> [Task statement]:
Write the listing below out again exactly, dropping the images.

> [Information shown]:
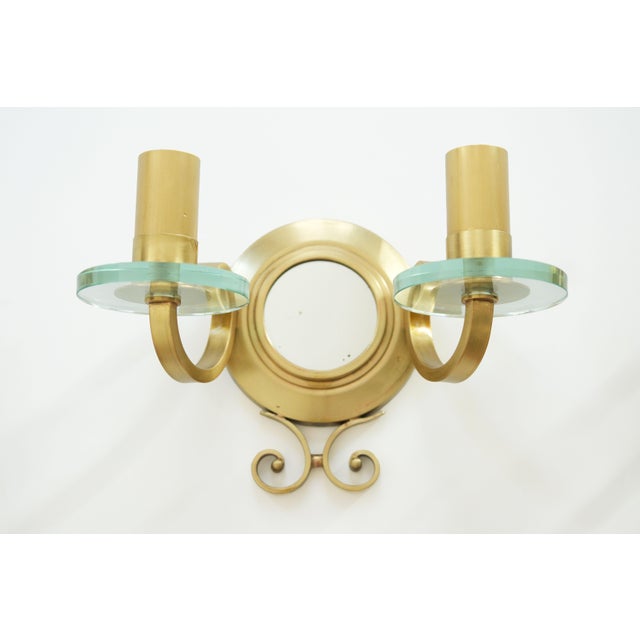 French Gilt-Bronze and Glass Sconces with Central Mirrors, 1940, Set of 2 For Sale - Image 9 of 10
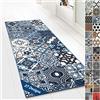 Floordirekt - Tappeto con motivo, passatoia a pelo fine, per cucina, corridoio e soggiorno, su misura, decorazione vintage ispirata all'Oriente, a griglia (80 x 500 cm, Newport)
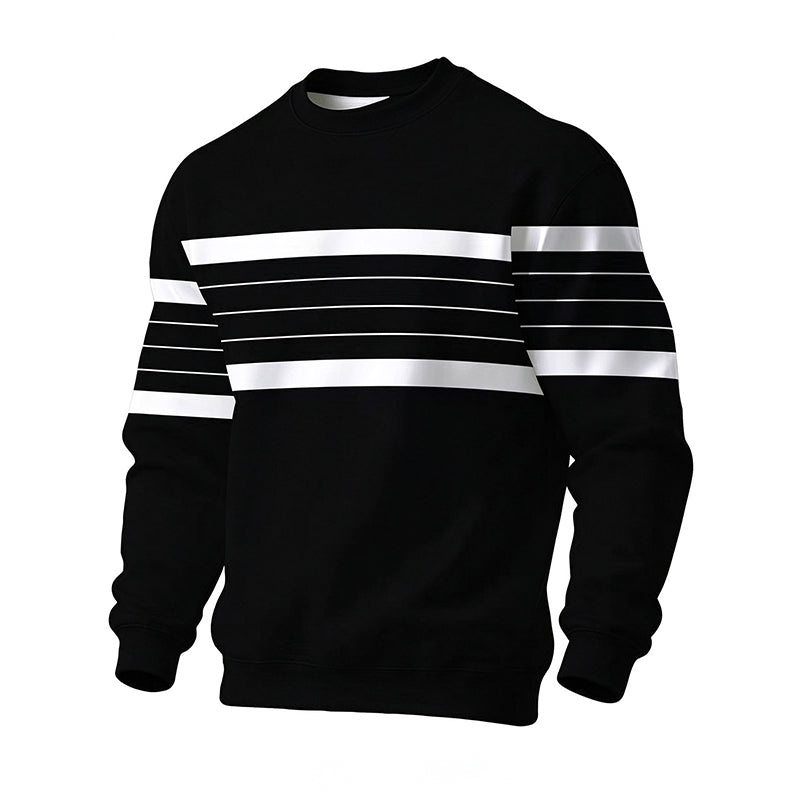 💎🧶 Men's Casual Crewneck Striped Sweatshirt ✨ Simple Stripes. Effortless Style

> [Solution for this exercise]:
 French Gilt-Bronze and Glass Sconces with Central Mirrors, 1940, Set of 2 For Sale - Image 9 of 10
 Floordirekt - Tappeto con motivo, passatoia a pelo fine, per cucina, corridoio e soggiorno, su misura, decorazione vintage ispirata all'Oriente, a griglia (80 x 500 cm, Newport)
 💎🧶 Men's Casual Crewneck Striped Sweatshirt ✨ Simple Stripes. Effortless Style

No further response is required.